+++ Exercise data

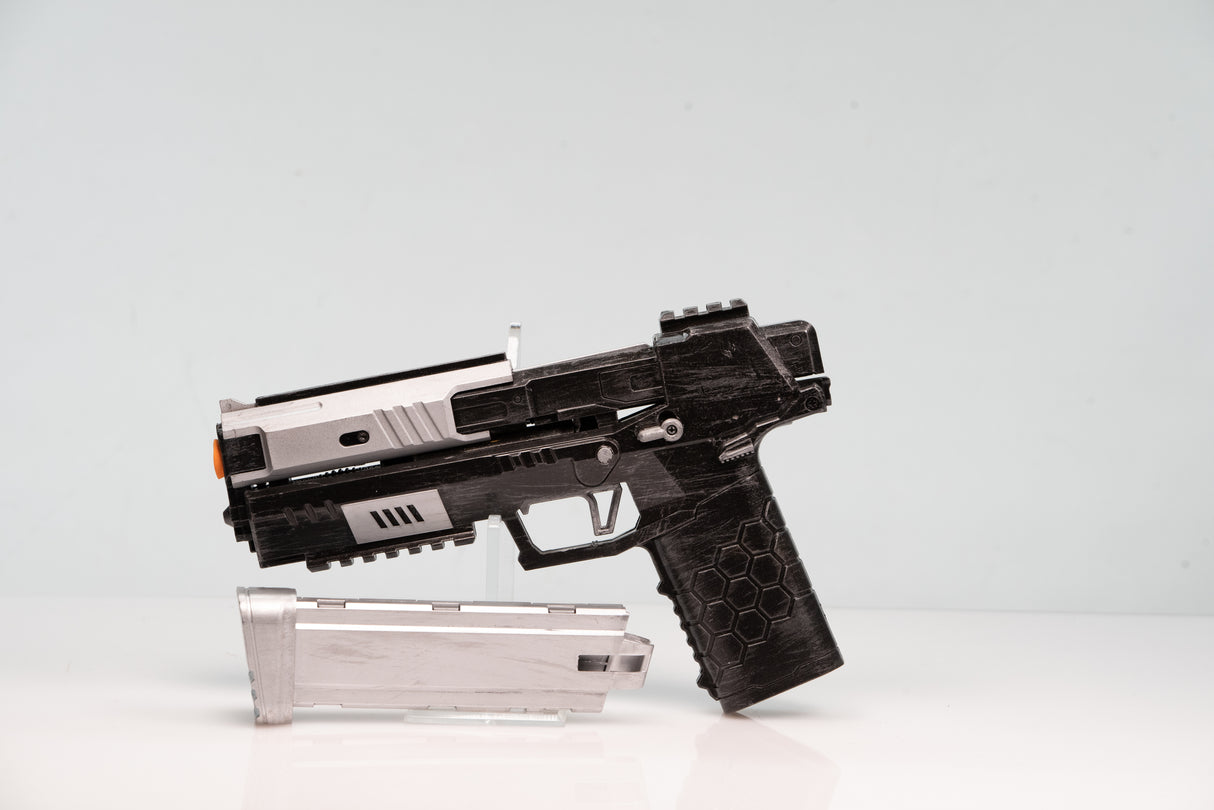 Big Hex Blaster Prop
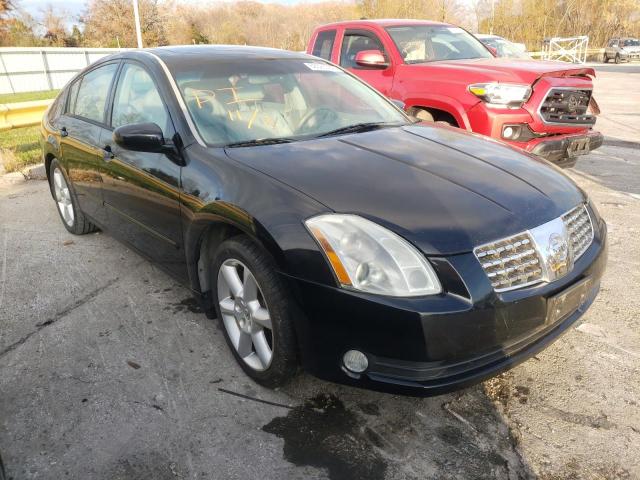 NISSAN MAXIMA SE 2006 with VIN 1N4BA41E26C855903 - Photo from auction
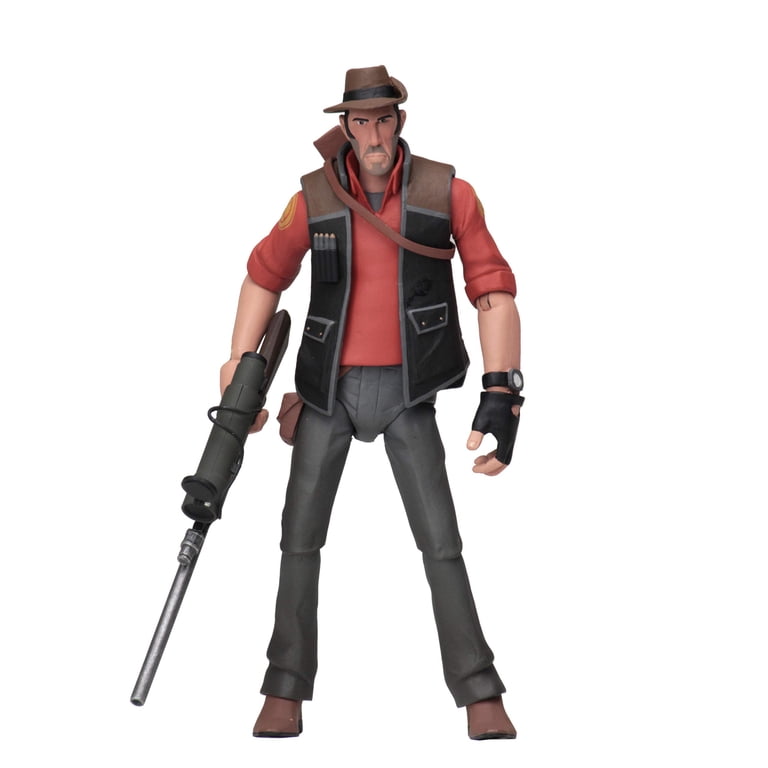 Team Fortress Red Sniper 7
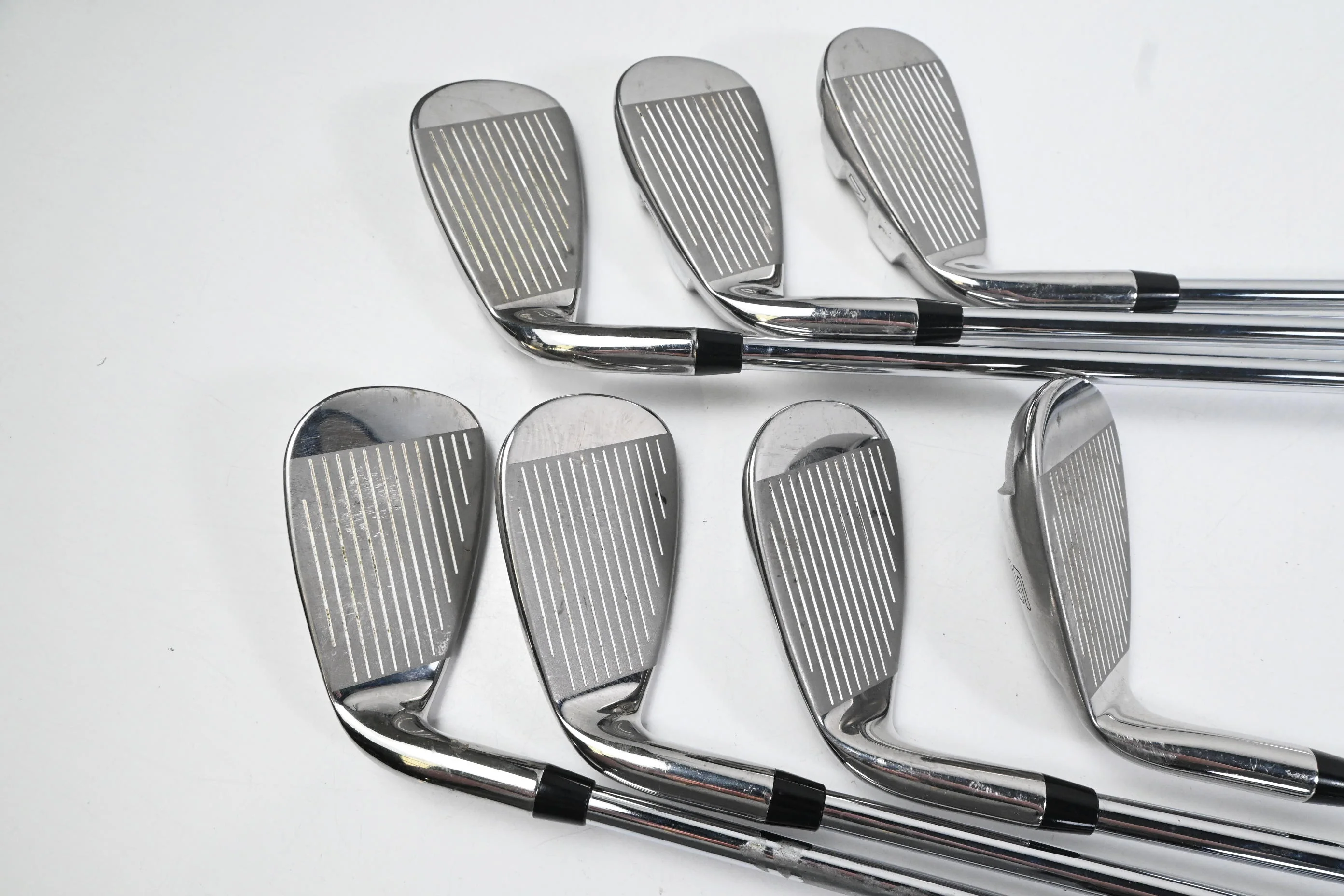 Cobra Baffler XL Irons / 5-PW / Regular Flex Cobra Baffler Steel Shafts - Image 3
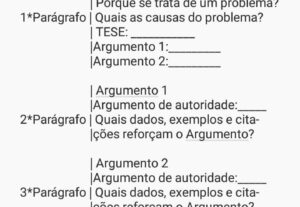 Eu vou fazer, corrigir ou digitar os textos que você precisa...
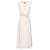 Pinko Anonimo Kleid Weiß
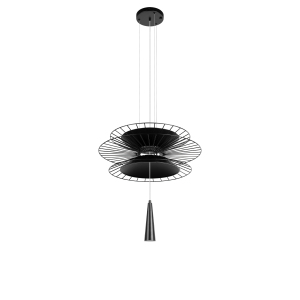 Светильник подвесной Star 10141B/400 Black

++++++

Without the images, output all the entries exactly as they stand.

- [Task output]:
 Big Hex Blaster Prop
 NISSAN MAXIMA SE 2006 with VIN 1N4BA41E26C855903 - Photo from auction
 Team Fortress Red Sniper 7
 Cobra Baffler XL Irons / 5-PW / Regular Flex Cobra Baffler Steel Shafts - Image 3
 Eu vou fazer, corrigir ou digitar os textos que você precisa...
 Pinko Anonimo Kleid Weiß
 Светильник подвесной Star 10141B/400 Black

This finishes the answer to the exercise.